Dès qu’il me voit allongé au sol, entouré de mes amis, il se précipite dans ma direction. Il repousse sans brusquerie Lily Rose pour m’envelopper de la veste qu’il a apportée. Elle porte son odeur et la chaleur de notre foyer.

– Mon garçon, murmure-t-il au-dessus de moi. Qu’est-ce qu’ils t’ont fait ?

Comme je n’ai pas la force de répondre, je secoue la tête.

Avec des paroles fermes, mais bienveillantes, Sofia demande aux jumeaux et à sa fille de s’éloigner. Philip leur conseille d’attendre devant la maison, car les secours vont bientôt arriver. La mort dans l’âme, je les vois partir. Après avoir caressé ma joue, Jess retire ses mains des miennes. J’ai envie de hurler.

En tendant le bras, j’essaie de la retenir, mais Mark saisit délicatement ma main.

– Non, Zach. C’est dur pour elle, n’empire pas les choses.

Il a raison, il a toujours raison. J’ai envie de le haïr pour ça, mais j’en suis incapable.

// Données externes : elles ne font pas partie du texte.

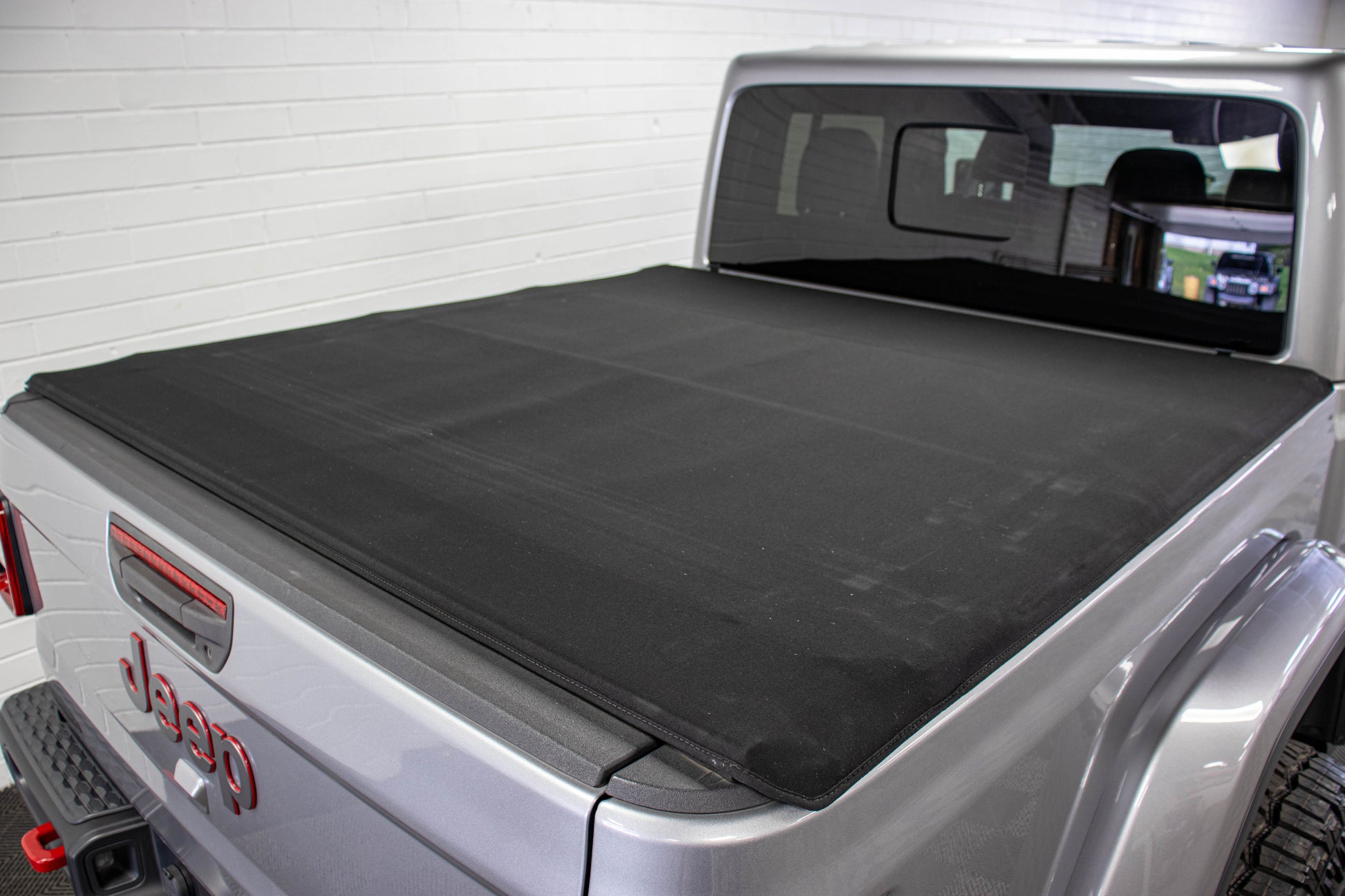 Pre-Owned 2021 Jeep Gladiator JT Rubicon Hard Top Billet Silver - SOLD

Alors, la vision brouillée par les larmes et la douleur, je les regarde s’en aller. Leurs épaules sont tombantes, ils se tiennent par les bras, comme pour être sûrs qu’ils ne vont pas s’effondrer au prochain pas. Mes amis, mes confidents, mes gardiens.

Je donnerais cher pour me tenir avec eux plutôt que de les observer s’éloigner au loin, pareils à des fantômes. Avec une déchirure à l’âme, je prends conscience que ce sera peut-être bientôt moi, le fantôme. Terrifié, je me recroqueville, tente de garder la vie en moi, ferme les yeux.